PROBLEM REQUIREMENTS: Across the records below, count every line that contains the string "Café", then report the count alone.

SOURCE MATERIAL:

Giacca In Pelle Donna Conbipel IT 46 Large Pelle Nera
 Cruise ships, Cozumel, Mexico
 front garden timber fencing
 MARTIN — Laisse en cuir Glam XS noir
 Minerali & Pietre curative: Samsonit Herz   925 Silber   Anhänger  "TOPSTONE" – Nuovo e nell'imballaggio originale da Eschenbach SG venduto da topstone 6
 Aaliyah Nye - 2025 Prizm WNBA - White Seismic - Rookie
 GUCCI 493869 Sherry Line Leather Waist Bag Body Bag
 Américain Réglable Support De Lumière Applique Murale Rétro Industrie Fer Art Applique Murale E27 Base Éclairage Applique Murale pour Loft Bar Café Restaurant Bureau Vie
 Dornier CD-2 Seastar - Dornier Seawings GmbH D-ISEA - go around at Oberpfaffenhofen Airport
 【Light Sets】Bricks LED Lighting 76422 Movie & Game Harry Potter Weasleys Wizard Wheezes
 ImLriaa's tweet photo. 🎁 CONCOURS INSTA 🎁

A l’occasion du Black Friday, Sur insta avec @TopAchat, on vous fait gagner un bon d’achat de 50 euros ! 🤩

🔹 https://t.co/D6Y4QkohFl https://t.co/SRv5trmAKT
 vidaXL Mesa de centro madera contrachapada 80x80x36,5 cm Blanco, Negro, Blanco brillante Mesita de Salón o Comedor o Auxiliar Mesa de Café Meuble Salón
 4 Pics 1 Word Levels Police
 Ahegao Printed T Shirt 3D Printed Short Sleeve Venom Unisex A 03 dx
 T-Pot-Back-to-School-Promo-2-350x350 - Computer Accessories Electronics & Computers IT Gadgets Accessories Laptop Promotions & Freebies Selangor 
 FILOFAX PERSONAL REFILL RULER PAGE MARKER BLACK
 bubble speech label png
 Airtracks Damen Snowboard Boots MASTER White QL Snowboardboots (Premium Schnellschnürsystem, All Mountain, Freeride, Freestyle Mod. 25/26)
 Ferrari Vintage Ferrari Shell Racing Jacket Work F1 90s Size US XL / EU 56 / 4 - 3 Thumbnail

EXERCISE RESULT: 2